[WORK REQUIRED]
Here the job is to transcribe the data verbatim while leaving each picture out.

━━━ DATA SUPPLIED

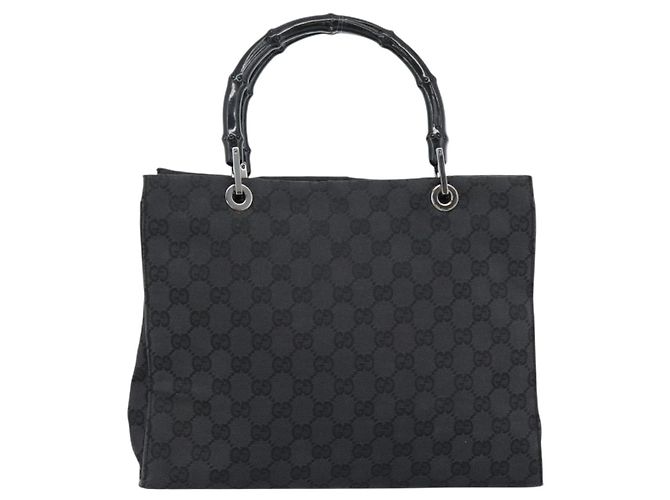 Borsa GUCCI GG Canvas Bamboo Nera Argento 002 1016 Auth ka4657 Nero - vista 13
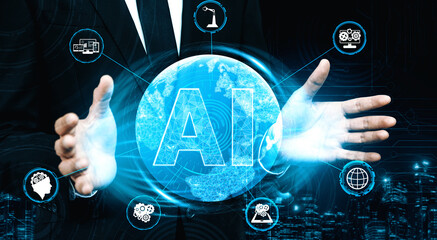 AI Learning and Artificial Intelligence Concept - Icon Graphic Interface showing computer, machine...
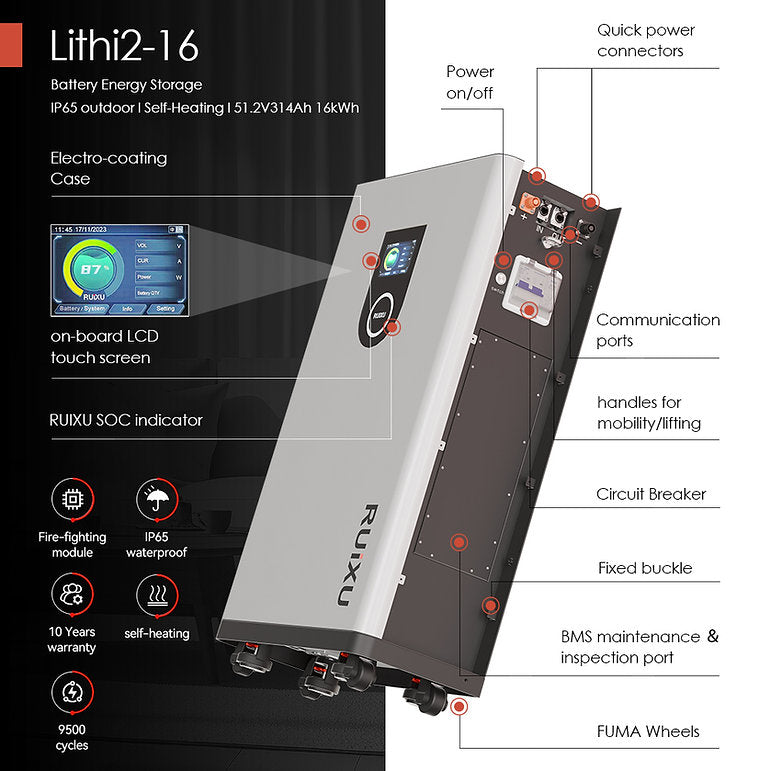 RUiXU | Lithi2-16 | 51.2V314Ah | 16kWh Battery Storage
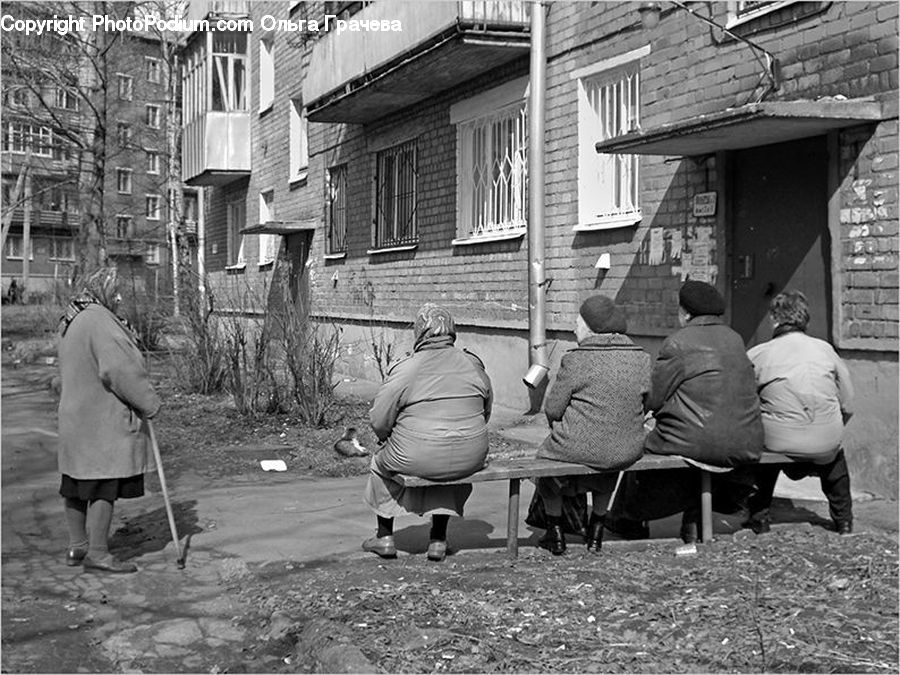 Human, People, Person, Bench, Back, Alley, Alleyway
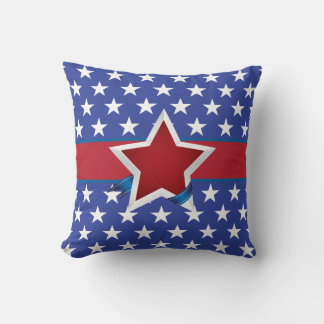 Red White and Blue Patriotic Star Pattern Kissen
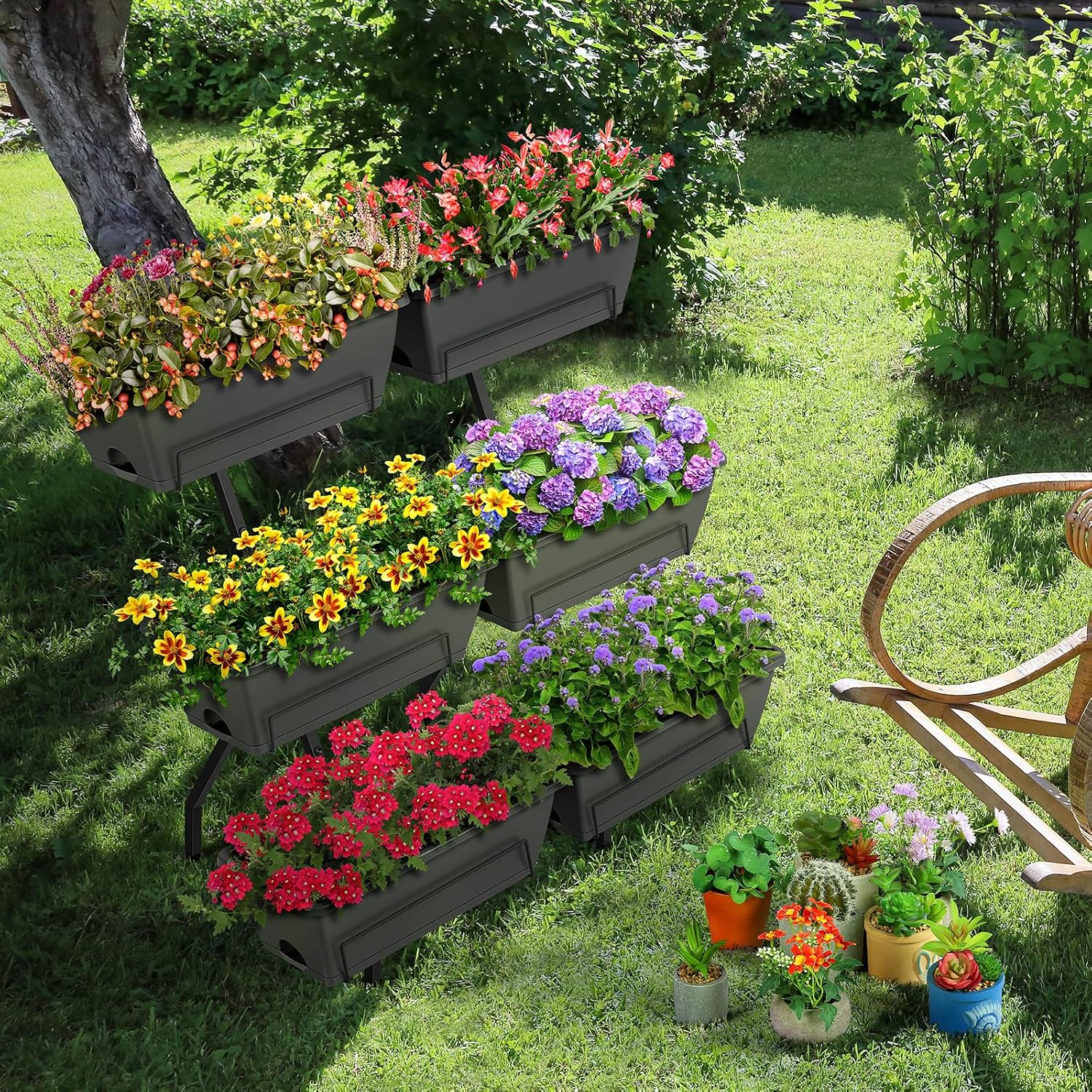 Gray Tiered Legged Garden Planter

━━━━━━

[YOUR SOLUTION]
 Borsa GUCCI GG Canvas Bamboo Nera Argento 002 1016 Auth ka4657 Nero - vista 13
 AI Learning and Artificial Intelligence Concept - Icon Graphic Interface showing computer, machine...
 RUiXU | Lithi2-16 | 51.2V314Ah | 16kWh Battery Storage
 Human, People, Person, Bench, Back, Alley, Alleyway
 Red White and Blue Patriotic Star Pattern Kissen
 Gray Tiered Legged Garden Planter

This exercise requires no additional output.